Briefing and Nothingness: The Delegation Paradox

The theory goes something like this: Through the delegation of tasks, we can free up more of our time to think about strategy or creative concepts — to work on the things that really make a difference, and ultimately get more done.

When we combine that with the possibilities brought to us by the automation of previously manual tasks, we should have better information at our fingertips and more time to decide what to do with it.

But is this a theory inherently in conflict with itself?

What if the result of this process is a less skilled workforce, unable to relate to the processes behind their own work?

At the heart of these questions lies the bifurcation between the previously unified centers of authority and responsibility.

Let’s take an account manager at a digital agency as our example.

As the title suggests, they are accountable for the work done for their client. If there is an economic imperative for this work to be outsourced, they will end up briefing tasks to specialists, whether within the company or to outside freelancers. Where something can be automated cost-effectively, it will be.

It is then the responsibility of the ‘specialist’ to complete the work to the agreed standard.

There is already a tension here; the more knowledgeable party is on the receiving end of the brief.

What’s more, the specialist lacks accountability, so the desire to perform beyond expectations is diminished. The exchange is transactional, and accountability is never truly transferred.
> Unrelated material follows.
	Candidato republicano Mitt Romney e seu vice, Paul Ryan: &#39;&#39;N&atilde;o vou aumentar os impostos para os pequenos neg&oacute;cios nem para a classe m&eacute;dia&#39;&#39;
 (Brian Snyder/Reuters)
One potential outcome is apparent: the specialists to whom the task is delegated may feel undervalued and frustrated by the parameters decided and defined by someone ill-equipped to define them.

The manager has no hold over the specialist, other than in the monetary terms tied to the satisfactory submission of the task.

Should the former have to complete the task themselves, they struggle to do so. The delegation that was intended to improve their capabilities has led to a weakening of their skills due to sheer lack of practical application.

This is not the fault of the manager — they become a product of an environment in which the mechanical churn of ‘deliverables’ is seen as the optimal use of their time.

A further level of remove is created when the task is outsourced to freelancers or other companies. Moreover, layers of admin are added as the manager is required to brief the task, check its quality and then familiarize themselves with its contents. This directly eats into that time earmarked for creativity and strategy.

This renders the manager a less reliable authority on the subject matter, so the ability to carry out the function of delegation effectively decreases further. The gatekeeper’s critical faculties are worn out over time, the standards slip.

In the Marxist sense of alienation, the worker is heavily involved in the process of creation, but ultimately distant from the product and the fruits of their labor.

What we end up with through an over-dependence on task delegation in our industry is the reverse: our account managers are removed from the processes, but accountable for the outputs. They are often, of course, detached from the rewards too.

This particular sense of alienation means that they are often accountable for their work, but not responsible for it. If the work is received positively, the account manager takes less pride — they didn’t do it, after all. If it is received negatively, they feel disillusioned — they didn’t do it, but they have to defend and explain it.

What matters here beyond basic job satisfaction is that the inherent paradoxes within this relationship lower the probability that the work will be of a high standard. This probability decreases the longer the relationship holds.

Undoubtedly, the digital marketing industry is in a perpetual state of re-definition due to the increasing impact of automation. Focusing on the benefits this can bring, it can of course reduce the amount of time spent by skilled employees on ultimately unskilled tasks. It can also supply them with useful information drawn from a wide array of data sources, potentially enabling better decisions.

The realization of these better decisions depends on the ability of the person responsible.

Percipient interpretation of data is a core capability for the digital expert, an honorific only earned after performing the component tasks repeatedly and to a high standard.

We undoubtedly depend on technology to extend our capabilities beyond our own intelligence on a quotidian basis. In fact, ‘extended intelligence’ is the phrase used with increasing frequency among MIT scientists in place of ‘artificial intelligence’, as its connotations are more reflective of the central role people play in this relationship with technology.

For this concept to function, it requires both the human and the mechanical to perform to their strengths. Conflation of these two interrelated, ever-converging, but still distinct arenas is a risk we run when we prize the mechanical within people.

The deep entrenchment of delegation and automation in our daily practices should therefore be approached judiciously. Their benefits are sometimes evident, but we could render ourselves less capable to avail of them if we do not disentangle the paradoxes resident in this new working relationship.

There is potentially a balance to be struck here, but the economic imperative that drives everything we do points to a less utopian conclusion — with company employees the likely losers.